I happened to catch an interview on the radio the other day: it was Terry McDonell, the former top editor of Esquire, Rolling Stone, Outside, and Sports Illustrated, talking about his new book,  The Accidental Life: An Editor’s Notes on Writing and Writers

McDonell has worked with many literary writers, cold calling anyone whose writing he admires and offering them assignments. Along the way, he's accumulated some terrific stories, and the most entertaining are (no surprise) about Hunter S. Thompson. Thompson's gonzo journalism made him "a magnet for lofty ideas and bad writing about freak solidarity," McDonell says. "Many admirers sent him page after page of their ramblings in the hope that he would help get them published in the magazine (Rolling Stone)." Finally, HT composed a rejection letter. Satisfying and horrifying, it began like this: 

"You worthless, acid-sucking piece of illiterate shit! Don’t ever send this kind of brain-damaged swill in here again!”

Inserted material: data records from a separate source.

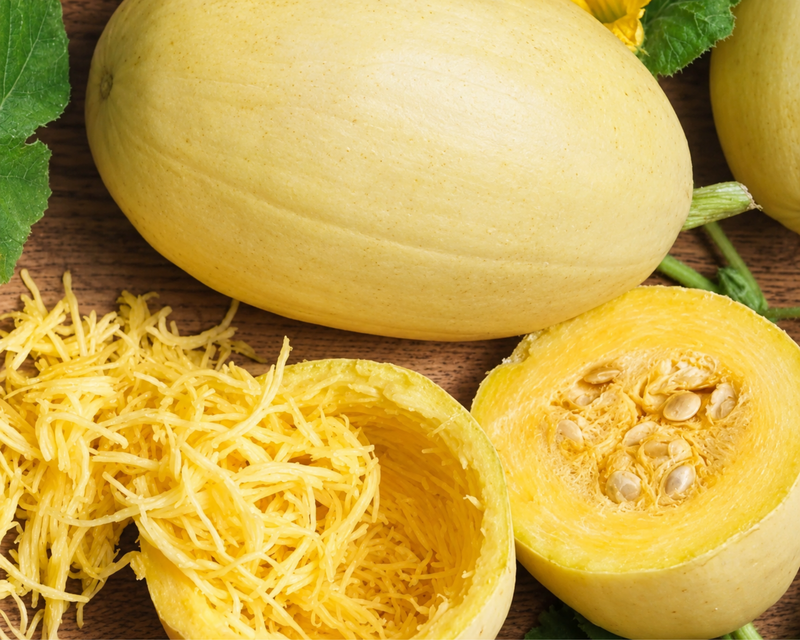 Vegetable Spaghetti Winter Squash Seeds
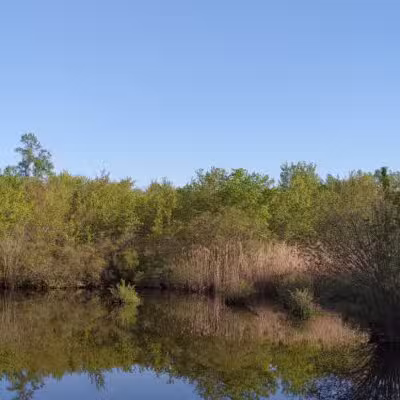 Shu Swamp Nature Preserve - Mill Neck, NY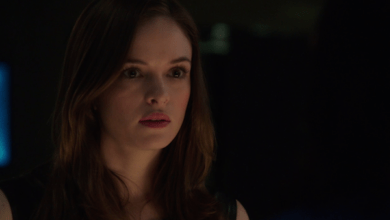 Danielle Panabaker The Flash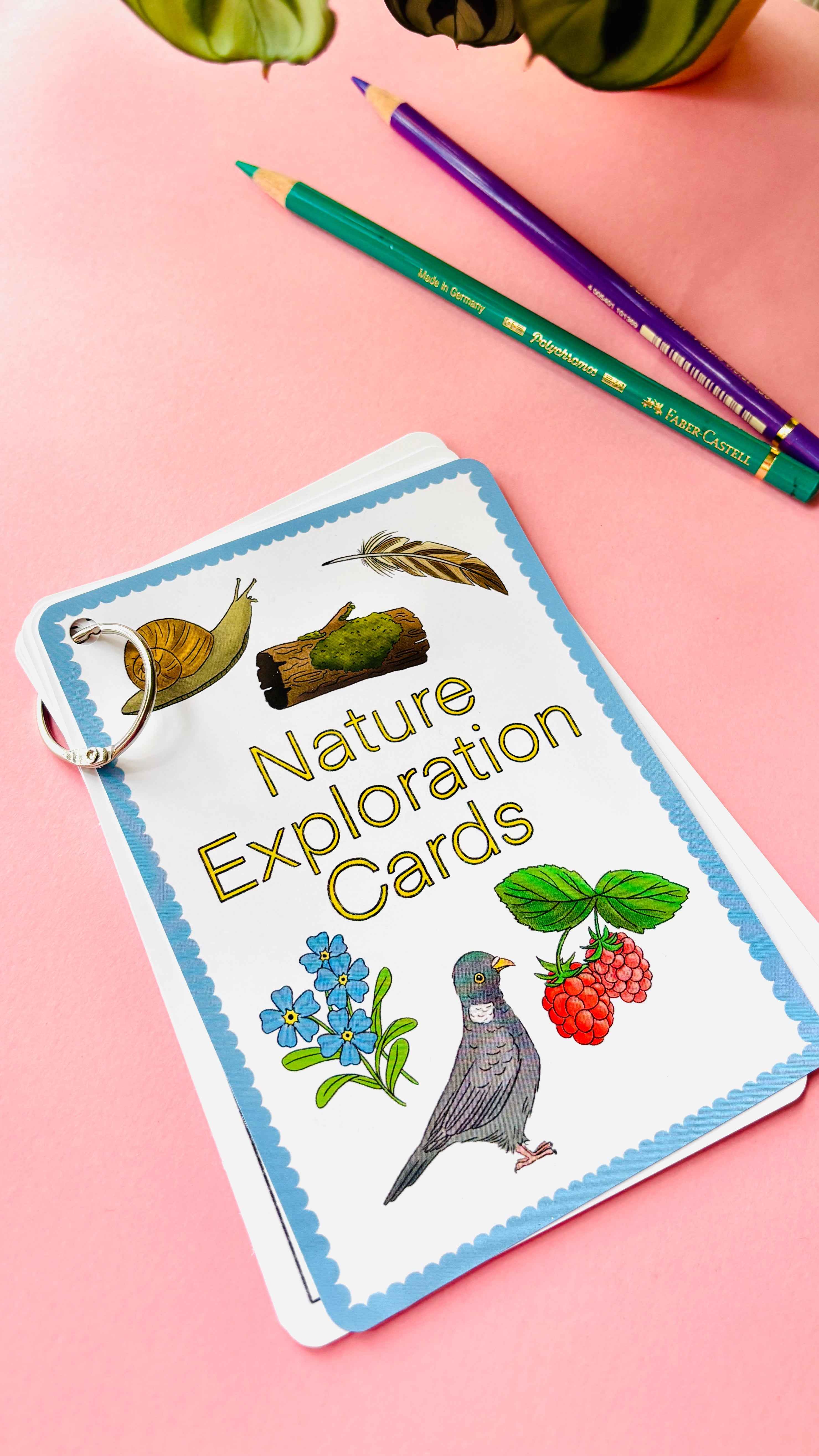 Pixiecraft - Wholesale Learning Cards - Kids & Baby - Nature Explorer Scavenger Hunt Cards- Illustrated Educational Activity Cards for Kids7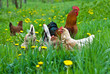 Hens and rooster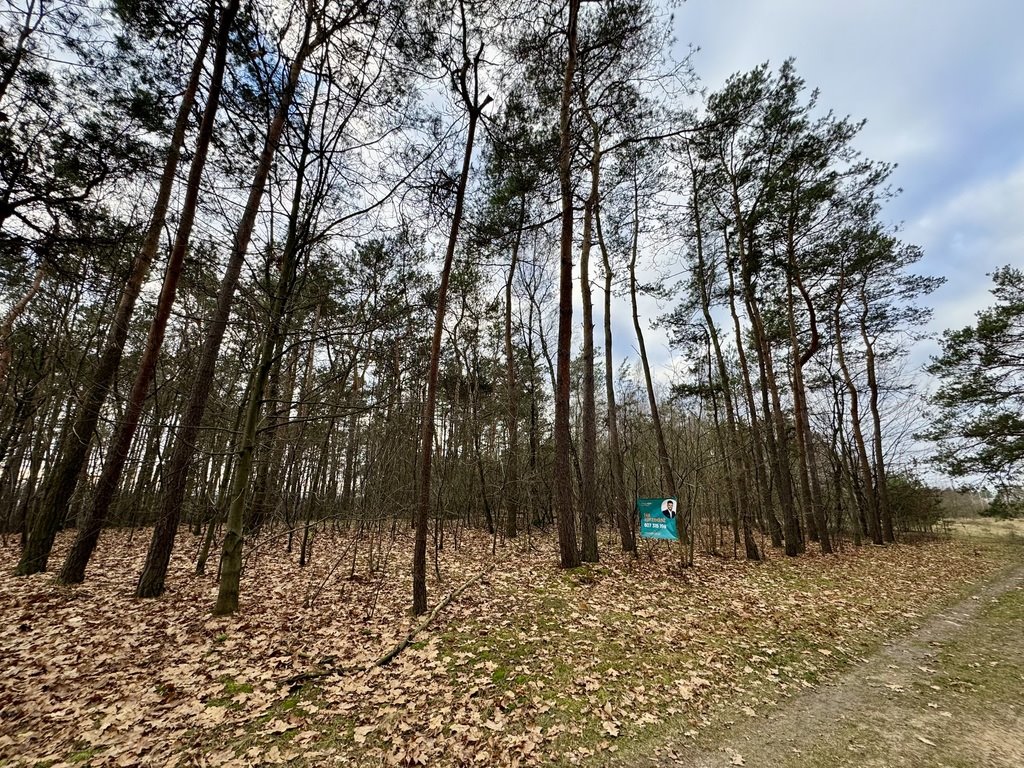 Działka budowlana w lesie, 1370 m², media, dojazd asfalt Romanów, Przyszkolna  1 370m2 Foto 1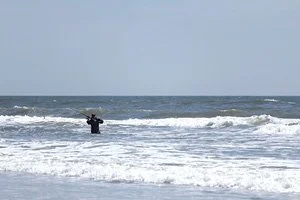 Tide Charts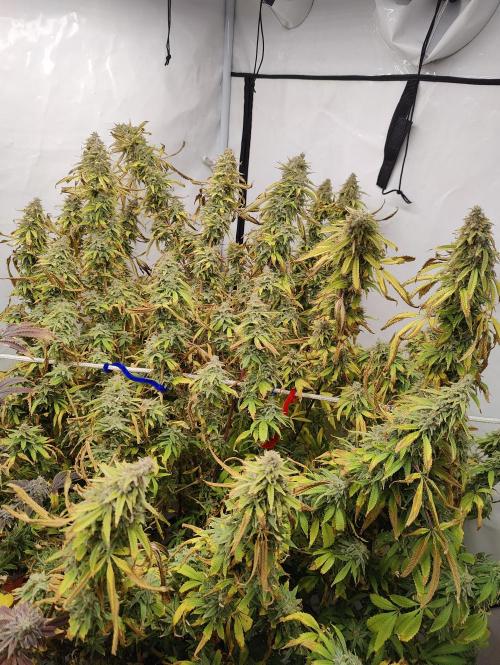 Pink Gelato in Jacuzzi. Week 24 - Bloom day 56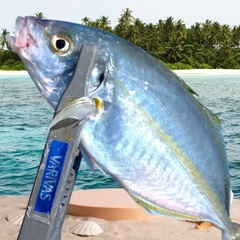 シマアジの釣果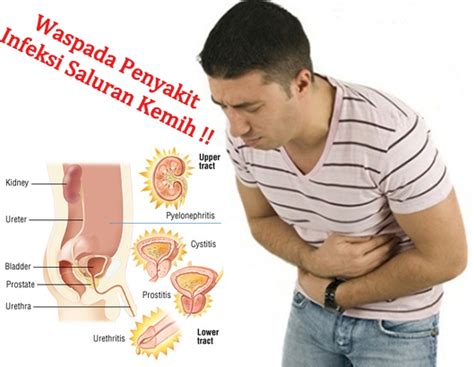 Paracetamol tersedia dalam bentuk tablet 500 mg dan 600 mg, sirup, drop, suppositoria, dan infus. Buang Air Kecil Di Vagina Terasa Sakit | Tips dan trik ...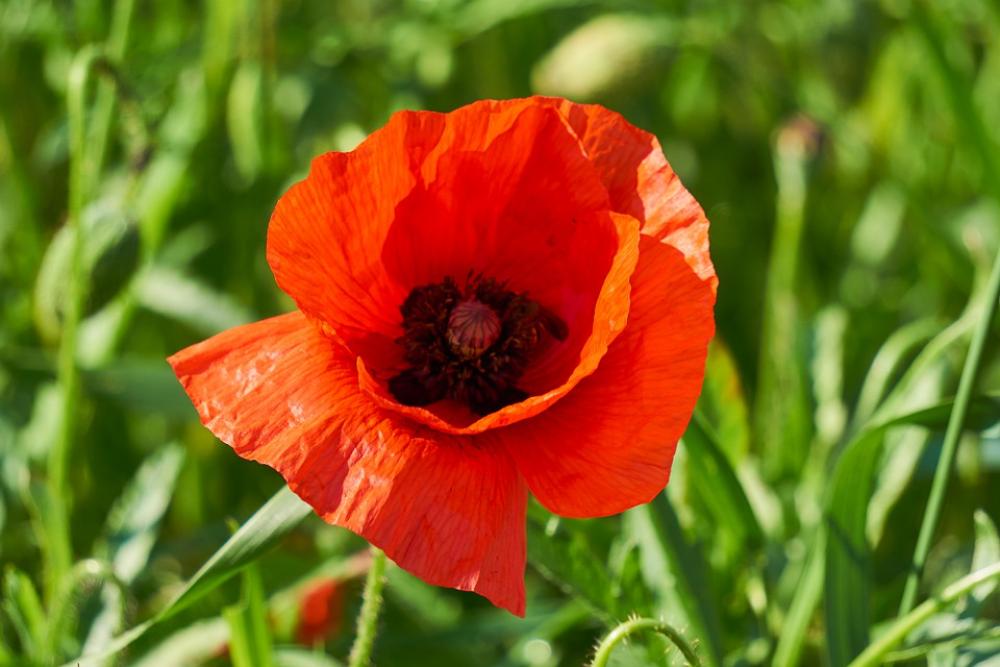 Klatschmohn Plant Flower Red Poppy Blossom Bloom Klatschmohn Plant Flower Red Poppy Blossom Bloom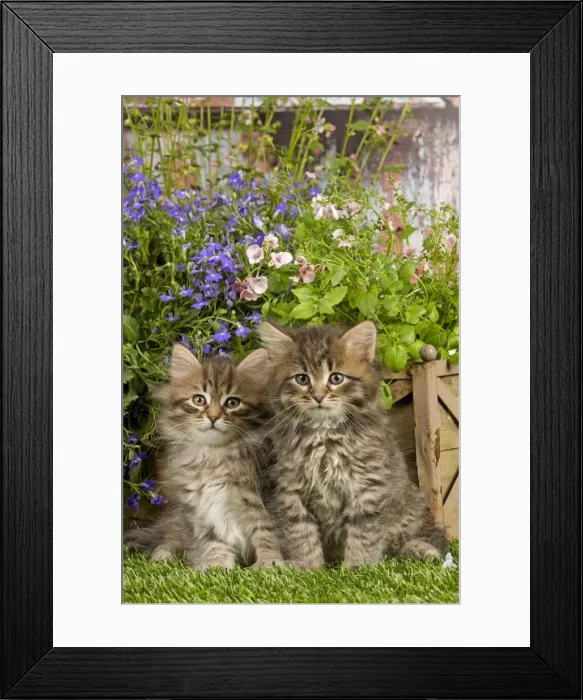 Framed Print : Picture No. 10887681 Framed Print : Picture No. 10887681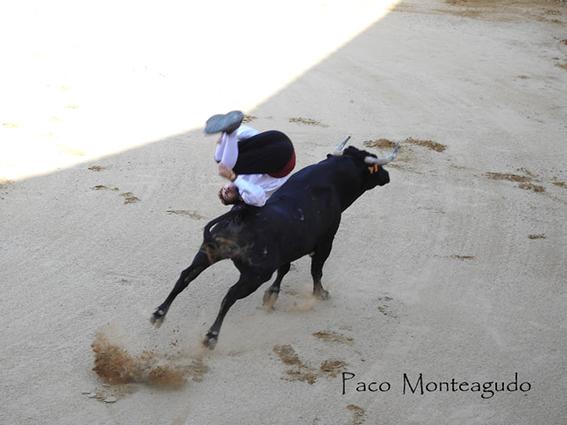 landete-recortadores-final-9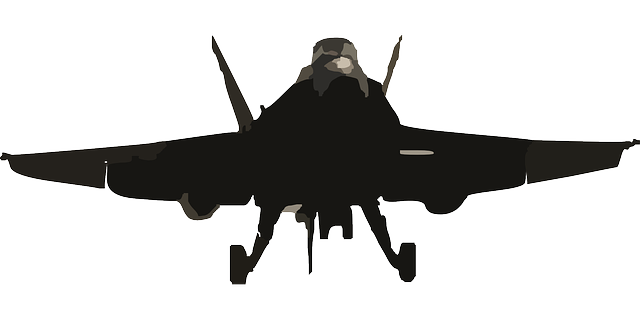 Free download Plane Fighter Jets Navy - Free vector graphic on Pixabay free illustration to be edited with GIMP free online image editor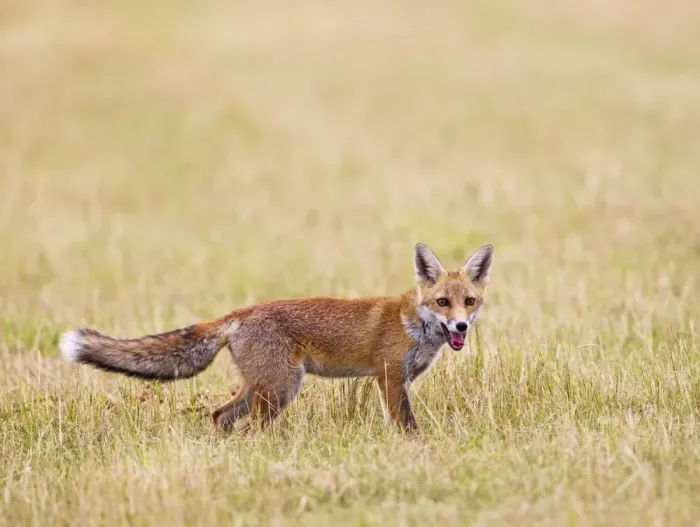 Framed Print : Red Fox - in meadow - controlled conditions 14738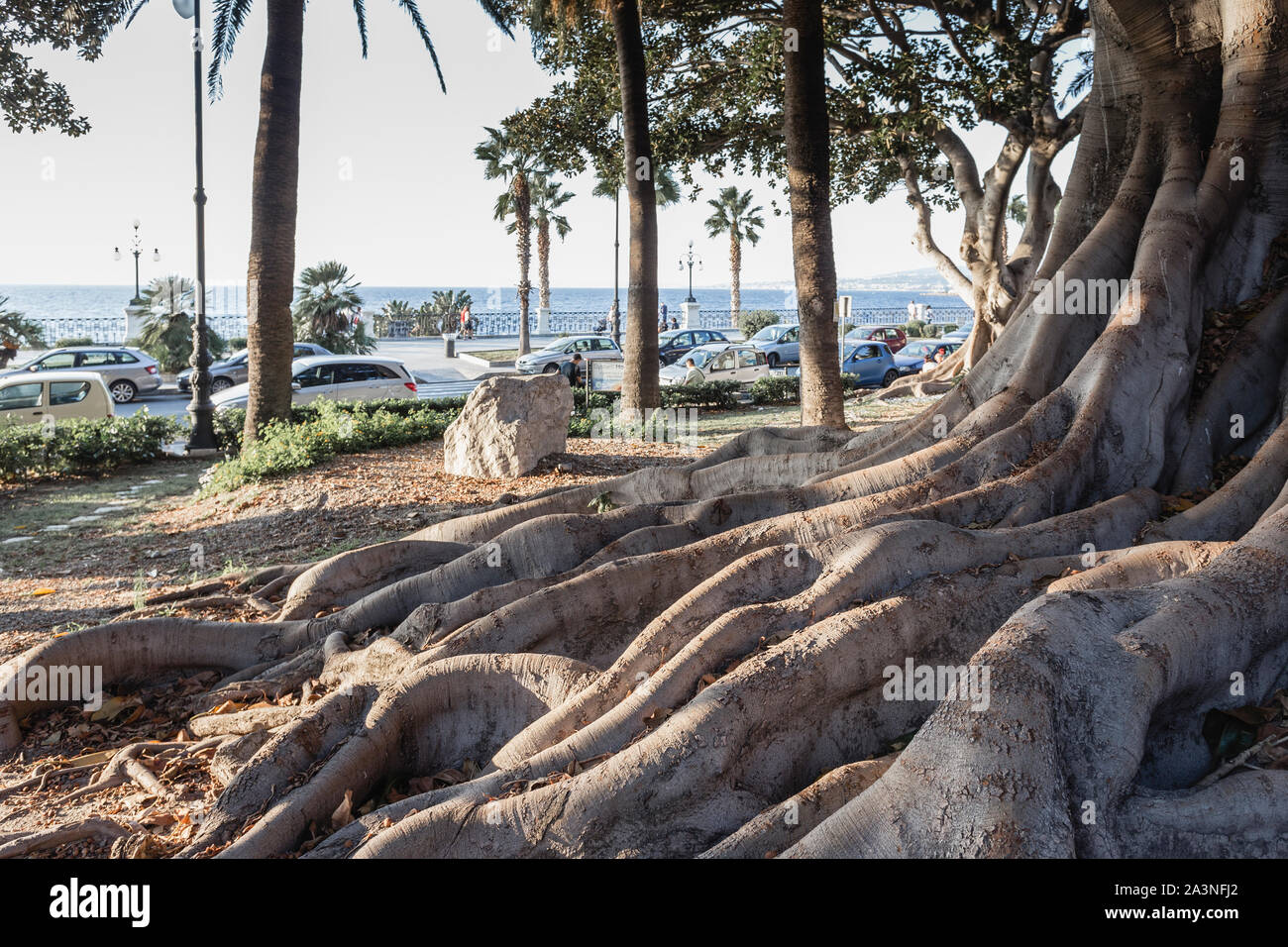 Ficus Macrophylla Racines, Lungomare, Reggio de Calabre, Italie Banque D'Images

Thankfully, he never had the opportunity to send it.

My favorite part of Accidental Life, though, are McDonell's observations about writing and editing. "There is no work like it," McDonell says of writing, "because it is so complicated to know when you are done" (exactly!). This is where an editor comes in; he continues: 

"Riffing about writing journalism, Renata Adler wrote, in her novel Speedboat, about giving ‘a piece of sugar to a raccoon, which in its odd fastidiousness would wash that sugar in a brook till there was nothing left.’ 

Editors can help with that."

That's the image that will stay with me.